* **WHAT TO PRODUCE**
Your task is to return all of the entries below exactly, leaving out each picture.

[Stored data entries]
----------------------------------------
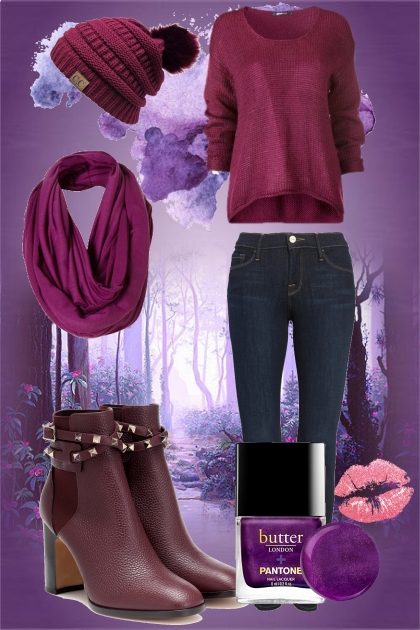 Purple Day- Модное сочетание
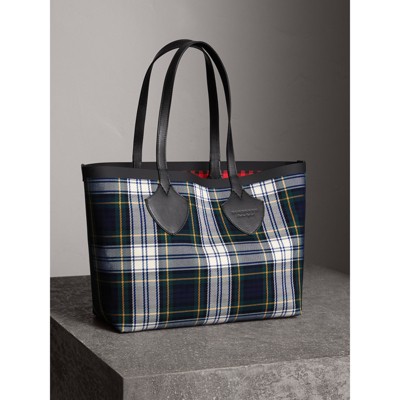 burberry plaid tote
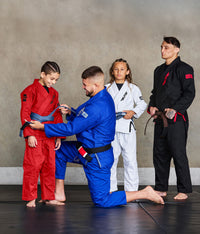 elite core red girls bjj gi size chart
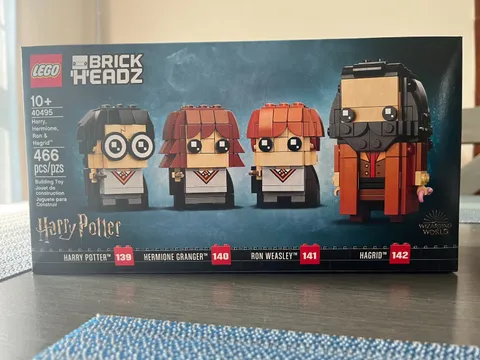 LEGO Harry Potter BrickHeadz: Harry, Hermione, Ron & Hagrid (40495) 🪄 Retired!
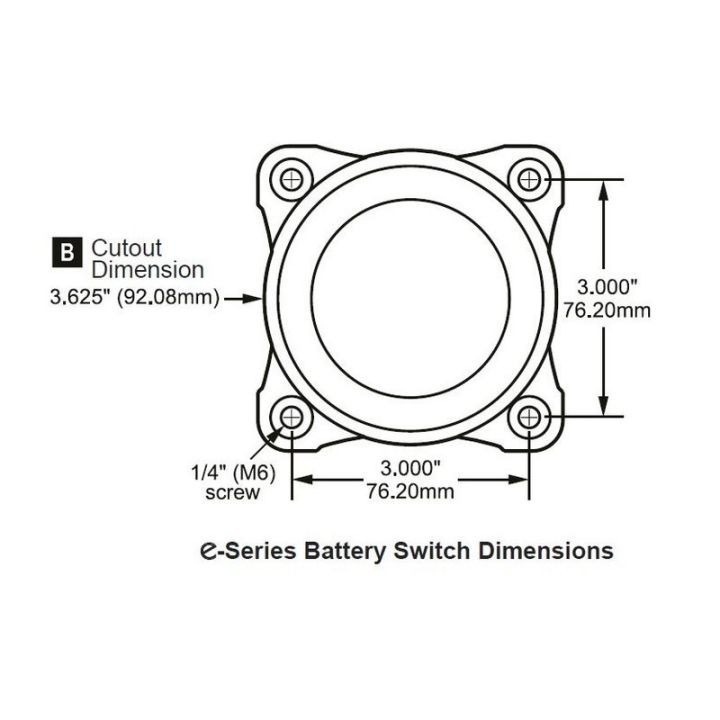 COUPE BATTERIE SERIE E DUAL CIRCUIT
----------------------------------------
* **EXERCISE SOLUTION**
 Purple Day- Модное сочетание
 burberry plaid tote
 elite core red girls bjj gi size chart
 LEGO Harry Potter BrickHeadz: Harry, Hermione, Ron & Hagrid (40495) 🪄 Retired!
 COUPE BATTERIE SERIE E DUAL CIRCUIT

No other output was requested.